↓

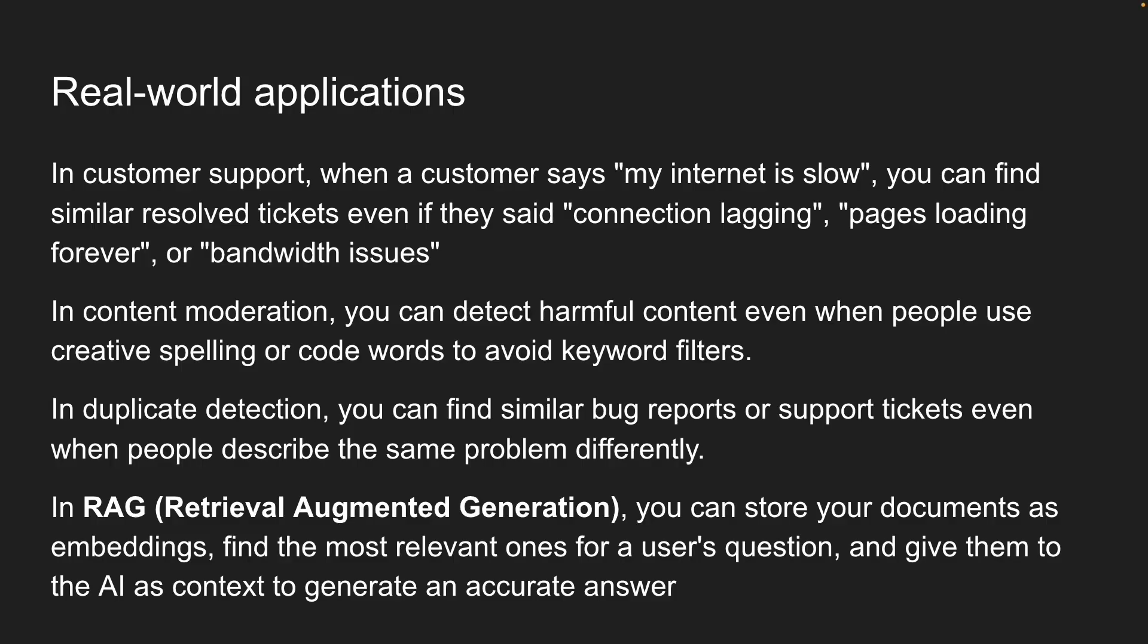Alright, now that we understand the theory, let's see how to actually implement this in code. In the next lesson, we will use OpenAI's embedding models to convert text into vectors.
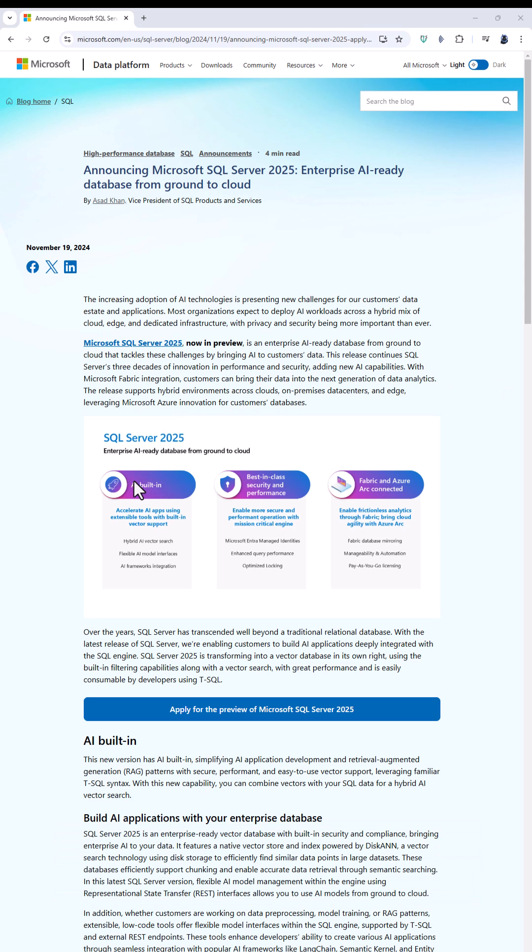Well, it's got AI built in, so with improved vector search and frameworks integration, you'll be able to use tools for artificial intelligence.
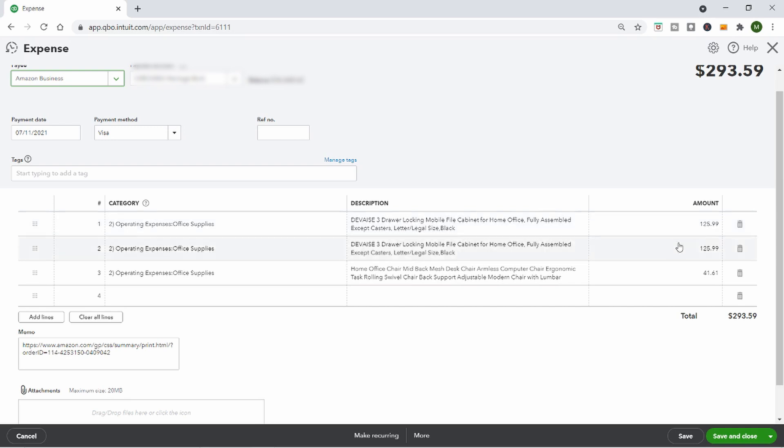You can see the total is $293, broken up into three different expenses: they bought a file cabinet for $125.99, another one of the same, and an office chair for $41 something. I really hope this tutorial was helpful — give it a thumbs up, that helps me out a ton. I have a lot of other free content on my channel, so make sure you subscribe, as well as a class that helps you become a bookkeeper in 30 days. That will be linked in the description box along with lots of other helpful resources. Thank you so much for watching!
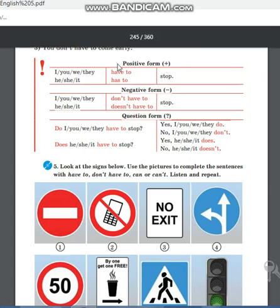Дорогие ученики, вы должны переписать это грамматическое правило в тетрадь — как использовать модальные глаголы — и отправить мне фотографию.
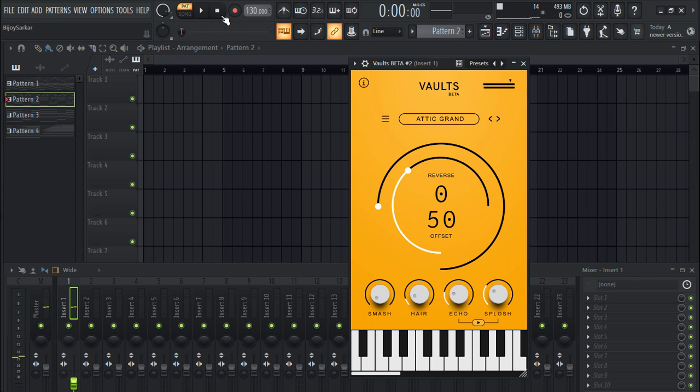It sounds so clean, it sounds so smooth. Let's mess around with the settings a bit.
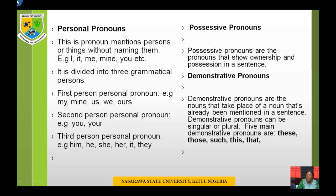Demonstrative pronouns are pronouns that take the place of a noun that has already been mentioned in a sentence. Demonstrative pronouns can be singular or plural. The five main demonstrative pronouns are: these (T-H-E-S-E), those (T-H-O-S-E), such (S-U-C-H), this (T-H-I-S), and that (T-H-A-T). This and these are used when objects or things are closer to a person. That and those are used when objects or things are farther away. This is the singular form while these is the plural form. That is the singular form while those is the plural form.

↑

After removing the pictures, restate the whole listing above word for word.

Alright, now that we understand the theory, let's see how to actually implement this in code. In the next lesson, we will use OpenAI's embedding models to convert text into vectors.
Well, it's got AI built in, so with improved vector search and frameworks integration, you'll be able to use tools for artificial intelligence.
You can see the total is $293, broken up into three different expenses: they bought a file cabinet for $125.99, another one of the same, and an office chair for $41 something. I really hope this tutorial was helpful — give it a thumbs up, that helps me out a ton. I have a lot of other free content on my channel, so make sure you subscribe, as well as a class that helps you become a bookkeeper in 30 days. That will be linked in the description box along with lots of other helpful resources. Thank you so much for watching!
Дорогие ученики, вы должны переписать это грамматическое правило в тетрадь — как использовать модальные глаголы — и отправить мне фотографию.
It sounds so clean, it sounds so smooth. Let's mess around with the settings a bit.
Demonstrative pronouns are pronouns that take the place of a noun that has already been mentioned in a sentence. Demonstrative pronouns can be singular or plural. The five main demonstrative pronouns are: these (T-H-E-S-E), those (T-H-O-S-E), such (S-U-C-H), this (T-H-I-S), and that (T-H-A-T). This and these are used when objects or things are closer to a person. That and those are used when objects or things are farther away. This is the singular form while these is the plural form. That is the singular form while those is the plural form.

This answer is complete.